*Exercise details*. Keep every word of the listing and reproduce it exactly, but set aside any image found there.

*Material provided*.
_ _ _ _ _ _ _

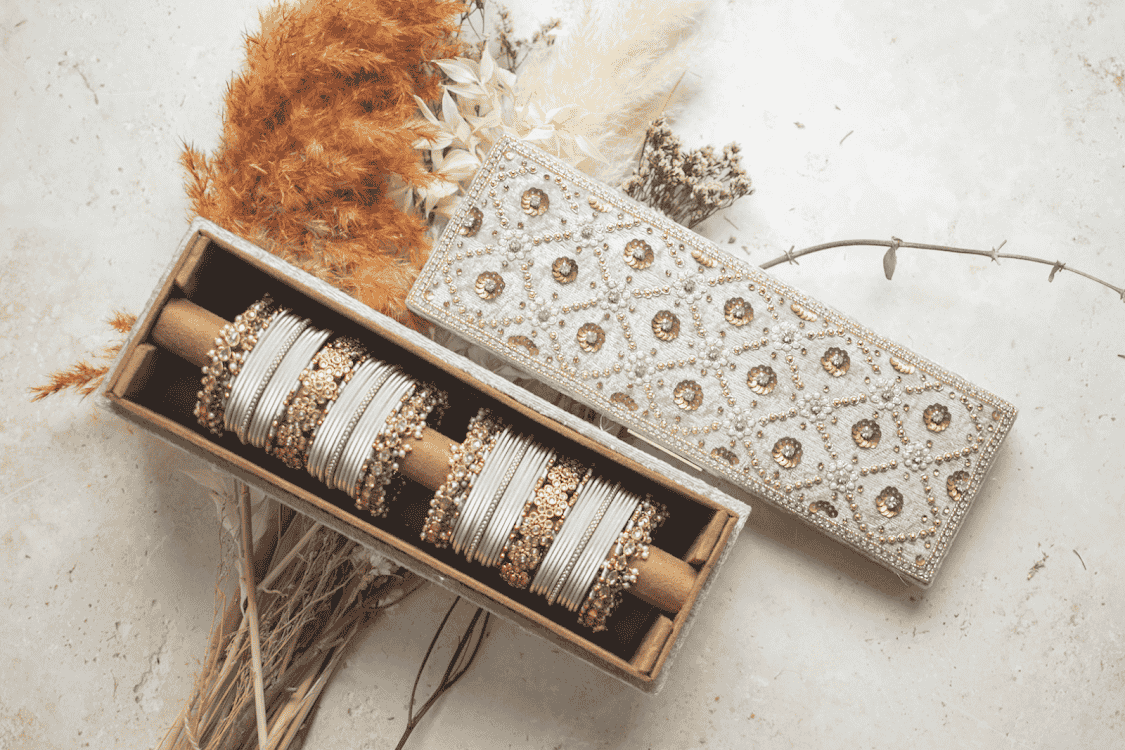 PRE-ORDER - ESHA - Sage Green Velvet (Bangle Box)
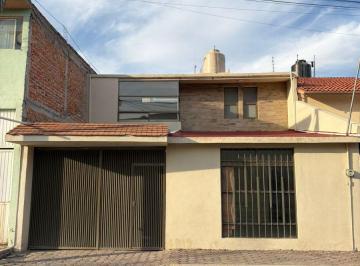 Casa de 3 habitaciones, Pachuca · Casa en Renta en C. Doria 3 Recamaras Cerca de Escuelas y Centro Comercial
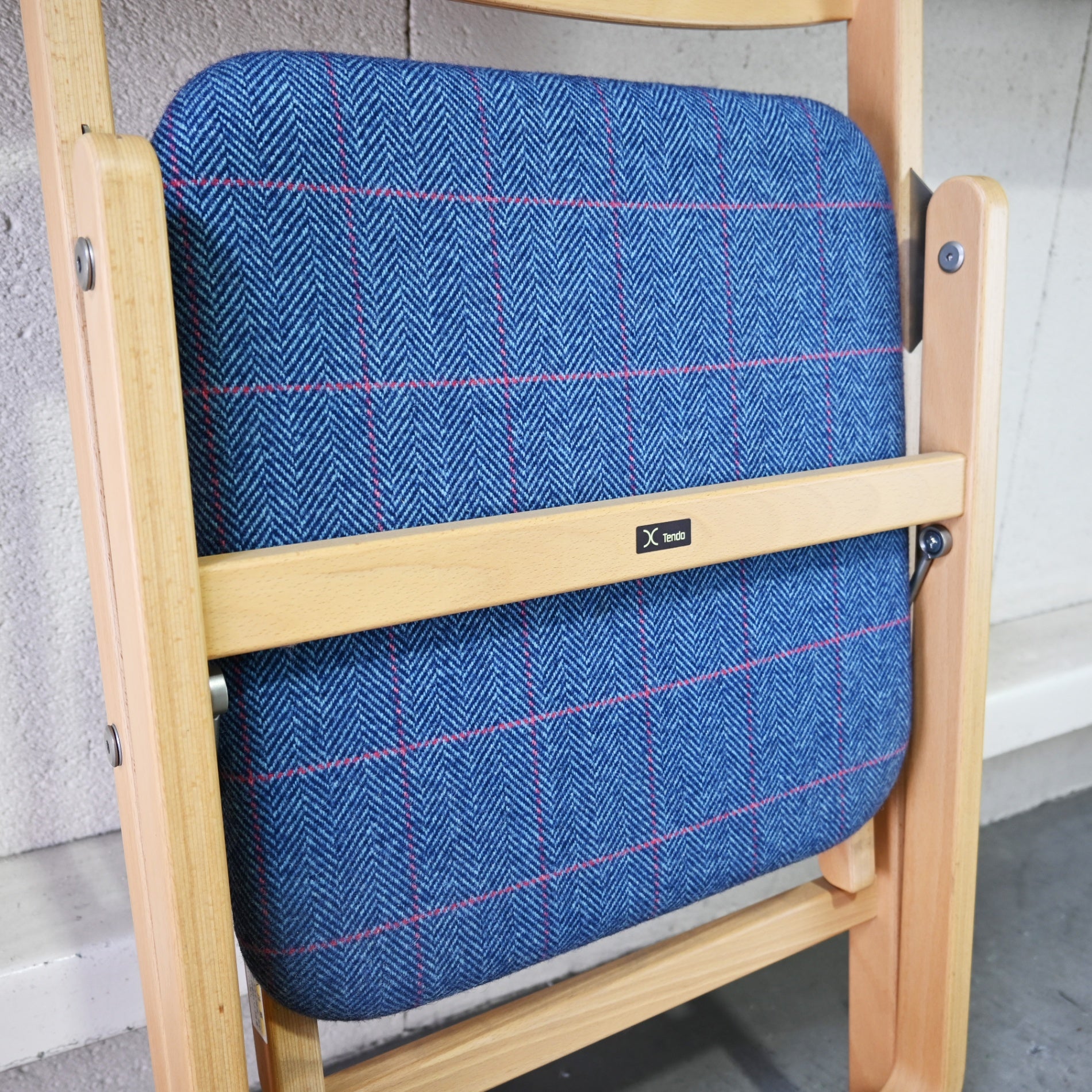 Tendo Folding chair T-3229WB-NT Japan Molded plywood / 天童木工 フォールディングチェア 折りたたみ椅子 廃盤シート張地布 日本 成形合板 木材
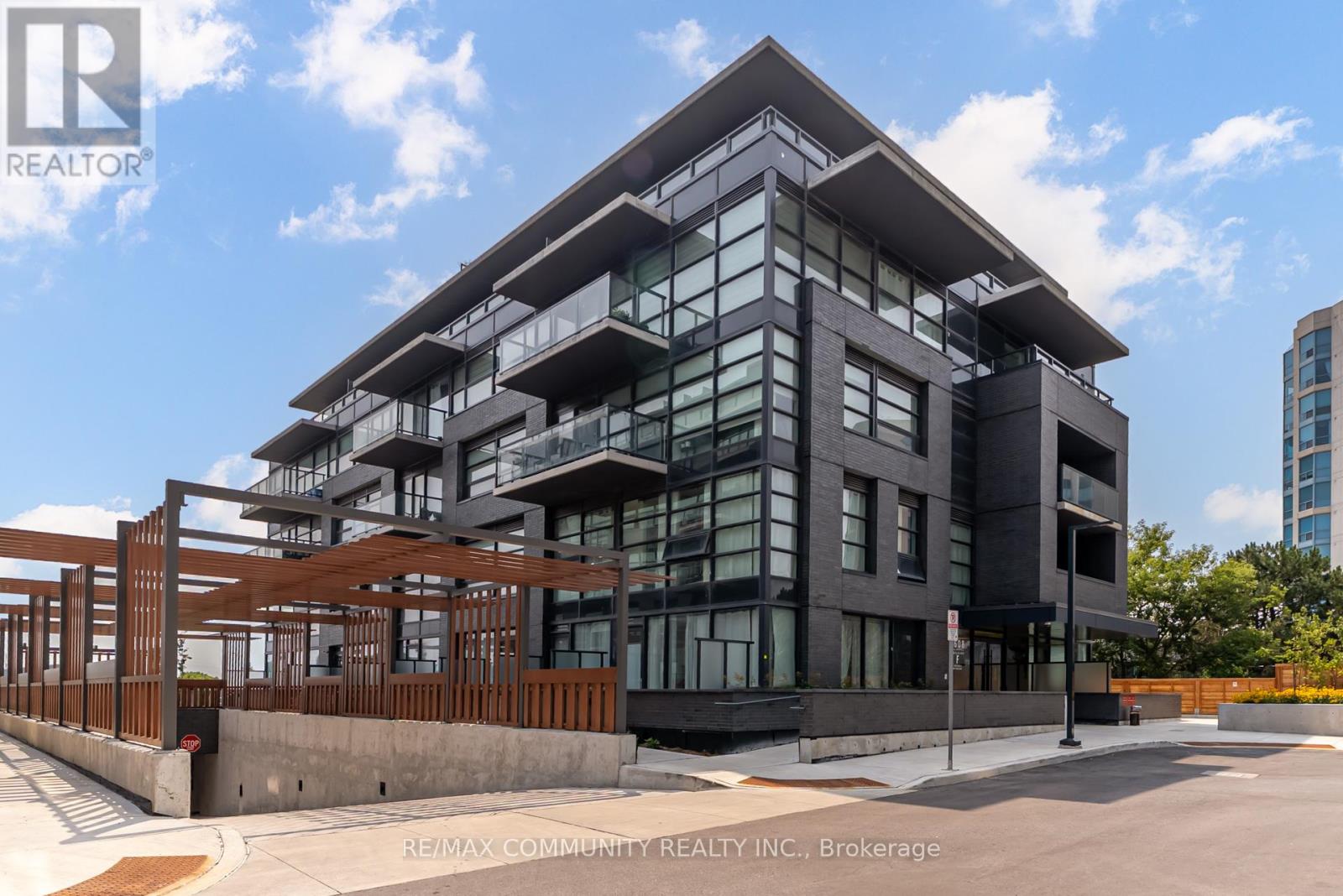 190 - 1608 CHARLES STREET, Whitby, Ontario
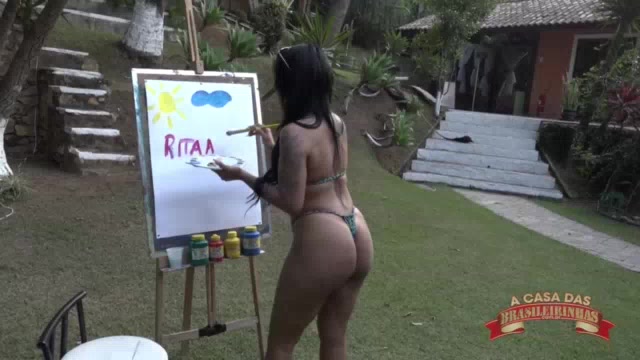 A morena Rita Almeida pintou o sexo na tela 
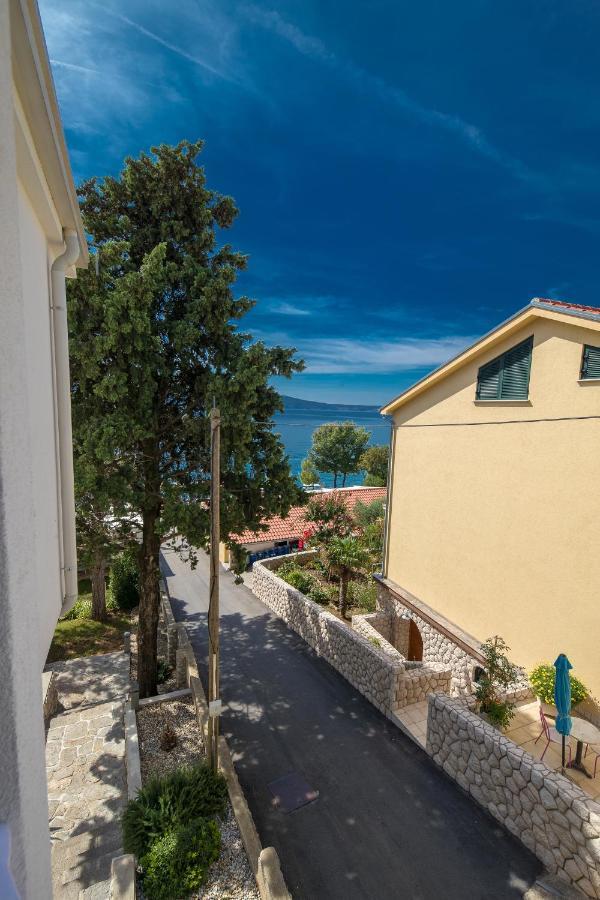 Rocky Beach Rooms โนวีวีโนดอลสกี ภายนอก รูปภาพ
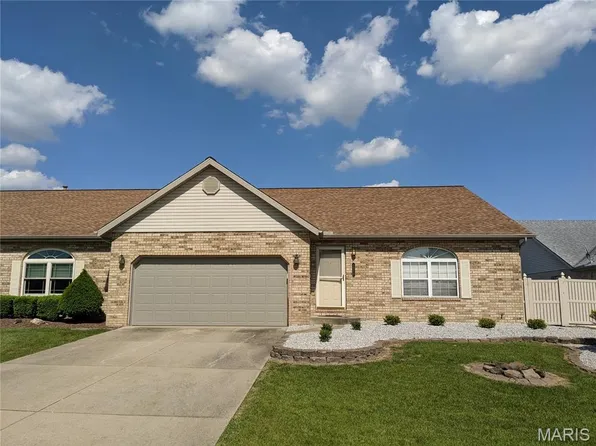 2290 Wellington Dr, Shiloh, IL 62221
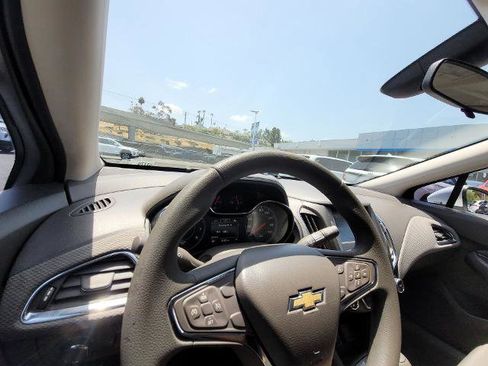 Used 2016 Chevrolet Cruze LT FWD image 10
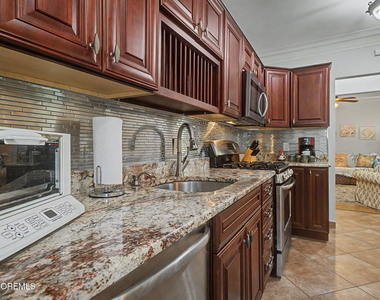 601 4th Avenue - Photo Thumbnail 8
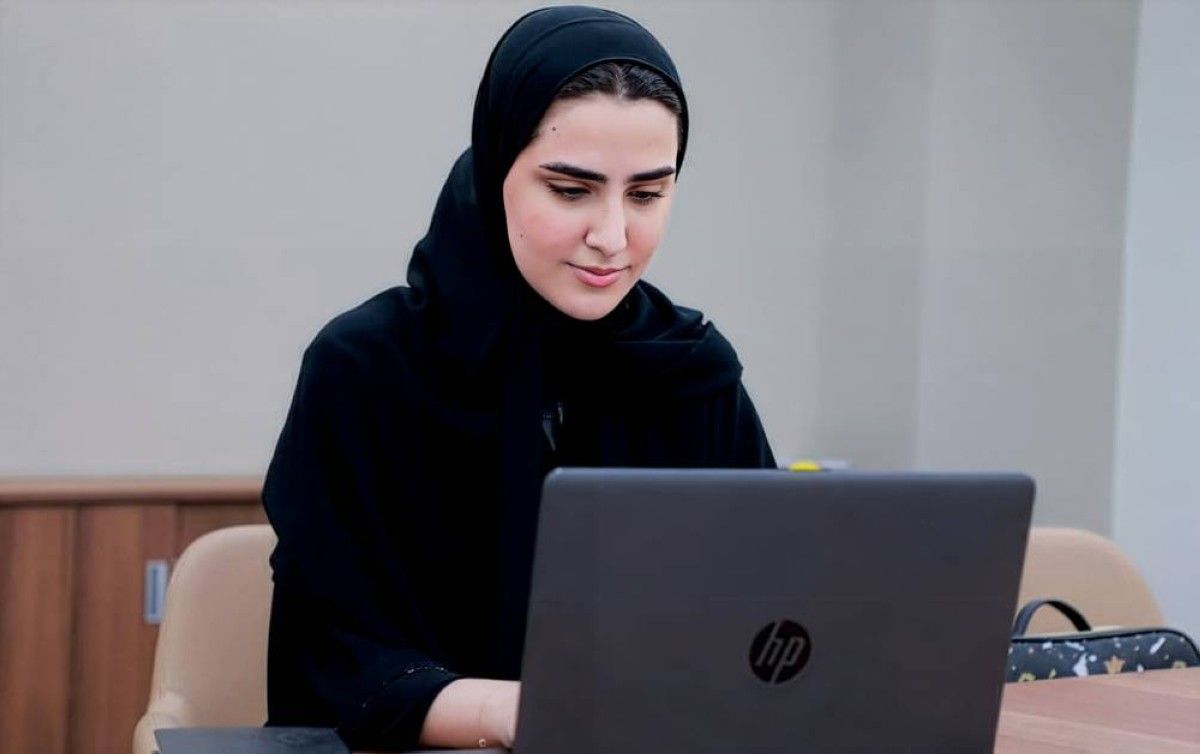 مدارس حكومية تدعو لسداد الرسوم إلكترونياً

_ _ _ _ _ _ _

*Answer section*.
 PRE-ORDER - ESHA - Sage Green Velvet (Bangle Box)
 Casa de 3 habitaciones, Pachuca · Casa en Renta en C. Doria 3 Recamaras Cerca de Escuelas y Centro Comercial
 Tendo Folding chair T-3229WB-NT Japan Molded plywood / 天童木工 フォールディングチェア 折りたたみ椅子 廃盤シート張地布 日本 成形合板 木材
 190 - 1608 CHARLES STREET, Whitby, Ontario
 A morena Rita Almeida pintou o sexo na tela 
 Rocky Beach Rooms โนวีวีโนดอลสกี ภายนอก รูปภาพ
 2290 Wellington Dr, Shiloh, IL 62221
 Used 2016 Chevrolet Cruze LT FWD image 10
 601 4th Avenue - Photo Thumbnail 8
 مدارس حكومية تدعو لسداد الرسوم إلكترونياً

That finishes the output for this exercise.